Amor de pasión lacia

Para Bonner Fellers, el viaje a Japón no significa una conquista, sino un regreso. Enamorado de una joven autóctona (Kaori Momoi), sueña con un reencuentro mágico en una tierra que ha cambiado desde que él la visitase por primera vez. Los bosques frondosos, los paisajes sobrecogedores han dejado lugar a los escombros, a la miseria. La historia de amor, a pesar de estar bien planteada y tener potencia dramática, no cuaja. Desde el casual encuentro en el que los amantes chocan y se caen los apuntes de ella hasta la escena en la que la mujer cuida las heridas del soldado. De fondo, una música melosa termina de derrumbar una posibilidad poética. Por el contrario, la relación amorosa del chófer protagoniza diez segundos de la película y explota mucho mejor la emoción. Lo bueno, si breve...

El botiquín técnico

A pesar de los estereotipos estadounidenses y la tópica historia de amor, la película funciona. La reaniman detalles técnicos, como la prolepsis de los suicidios, en tanto que se comentan antes de que se lleven a cabo, lo que consigue atraer la atención y la tensión. Otro elemento magnético son los golpes a máquina de escribir de Bonner Fellers. Es un recurso bastante utilizado en el cine, pero que causa un efecto de interés en el espectador. Quizá el sonido de lo antiguo, quizá la caligrafía de una letra olvidada, pero el atractivo de la máquina de escribir siempre cumple.

La órbita del emperador

El verdadero núcleo de tensión de la película recae en una decisión que cambiará el mundo, pero sobre todo Japón. El futuro del emperador es incierto y desde las brigadas norteamericanas deberán investigar el grado de implicación del mandatario en la Segunda Guerra Mundial. Para ello, Douglas MacArthur, un militar al estilo de Eastwood en “El sargento de hierro”, envía al general Bonner Fellers a informar sobre el entorno del emperador Hiro-Hito.
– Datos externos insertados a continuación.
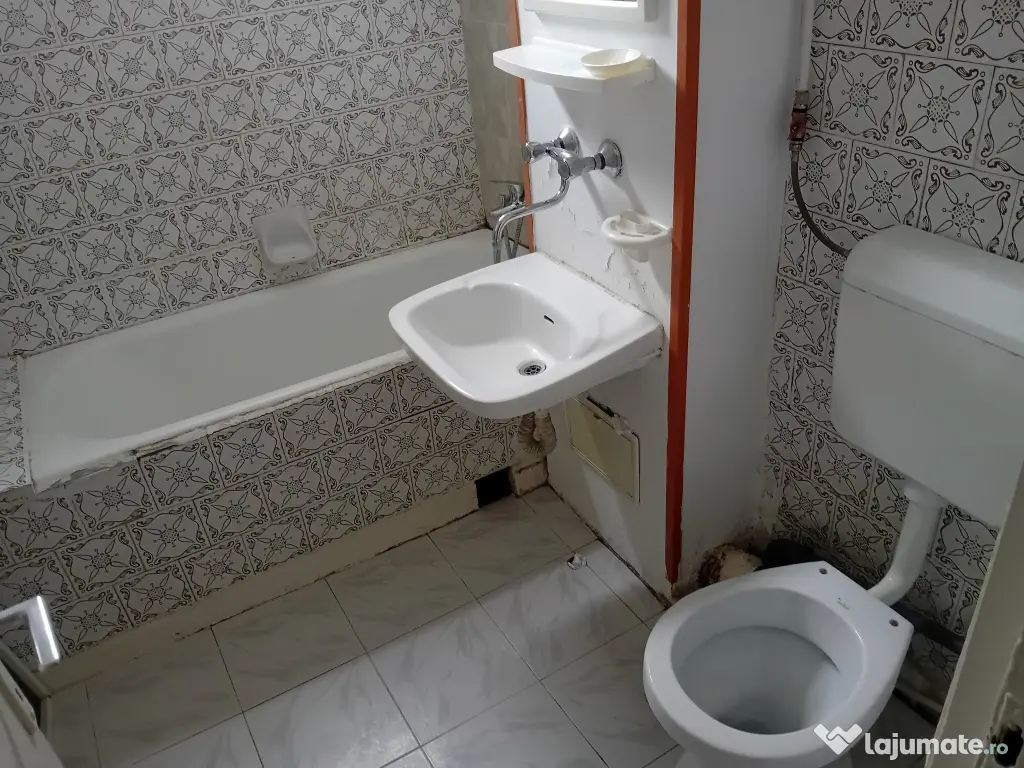 Apartament o Camera ultracentral 40mp parter bloc nou centrala termopan decomandat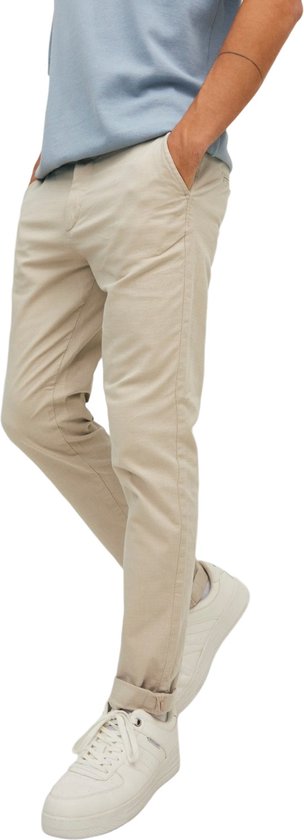Beige chino met omgeslagen pijpen.
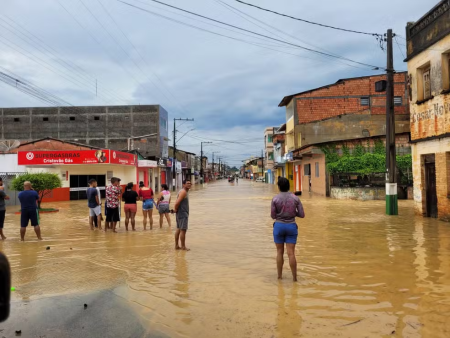 Extensas chuvas na Bahia deixa mais de 3,5 mil indivíduos desalojados; ocorrência trágica resulta em seis óbitos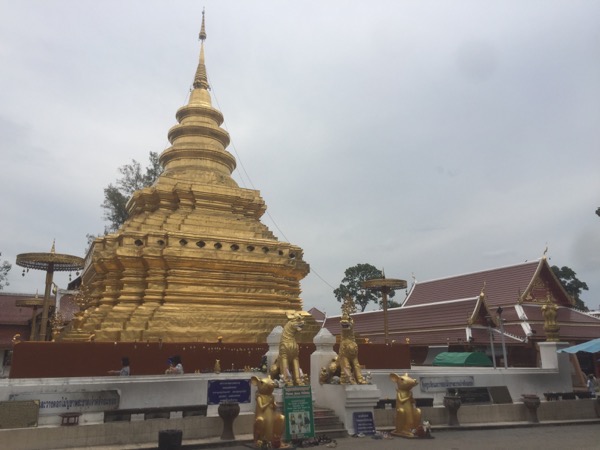 チョームトーン寺院の仏塔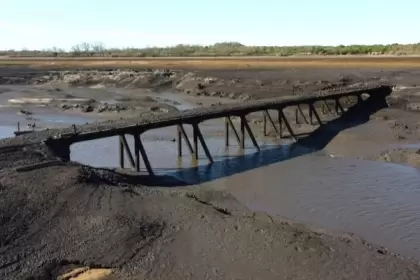 Vista area de una grave sequa en Florida, Uruguay, el 28 de junio de 2023.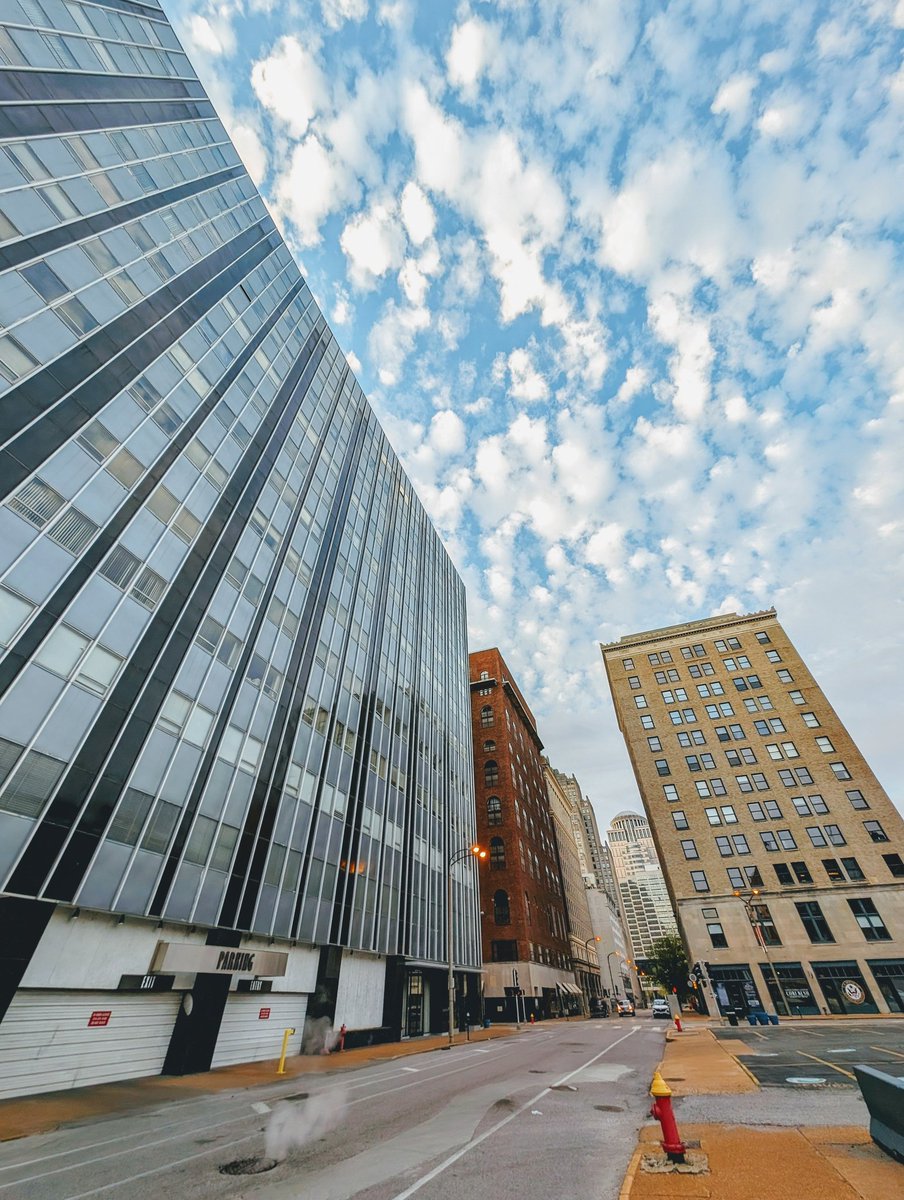 vintiga's tweet image. Random Downtown

#RandomDowntown #RandomStLouis #Dowtown #StLouis #DowntownStLouis #WalkAbout #PhotographyIsArt #Photography #ColorPreset #Preset #Pixel8 #Pixel8Pro #PixelPhotography #ShotOnPixel #GooglePixel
En los encuentros con los líderes del imperio japonés residen los mejores minutos del metraje. Una conversación sublime de Konoe regala una lección de historia, aunque en pantalla Bonner Fellers se niegue a recibirla. Se trata de un momento de lucidez, en la que años de guerras e invasiones se ven desde la sencillez del maniqueísmo; si cualquier país asiático invade otro, son unas hordas de bárbaros y salvajes, ahora bien, cuando el invasor es Estados Unidos, son tropas de la paz, heroicas y salvadoras. Además, los guionistas David Klass y Vera Blasi ponen en boca de Konoe joyas poéticas como: “Han convertido a nuestros hijos en sombras en la pared”.

En definitiva, una película histórica, política y fallidamente romántica, donde la incertidumbre crece y la decisión final oscila entre la justicia y la venganza. Utilizando los curiosos conceptos de Tannatae (“lo que parece”) y Honne (“lo que es”), que por cierto tras investigaciones por la red parecen palabras inventadas, podría terminar de describirse el filme: el Tannatae es una película de guerra, épica, victoriosa y el Honne es una propaganda antibélica, que muestra ante los ojos del espectador las ruinas y la desesperación que reinan en la población tras cualquier conflicto bélico.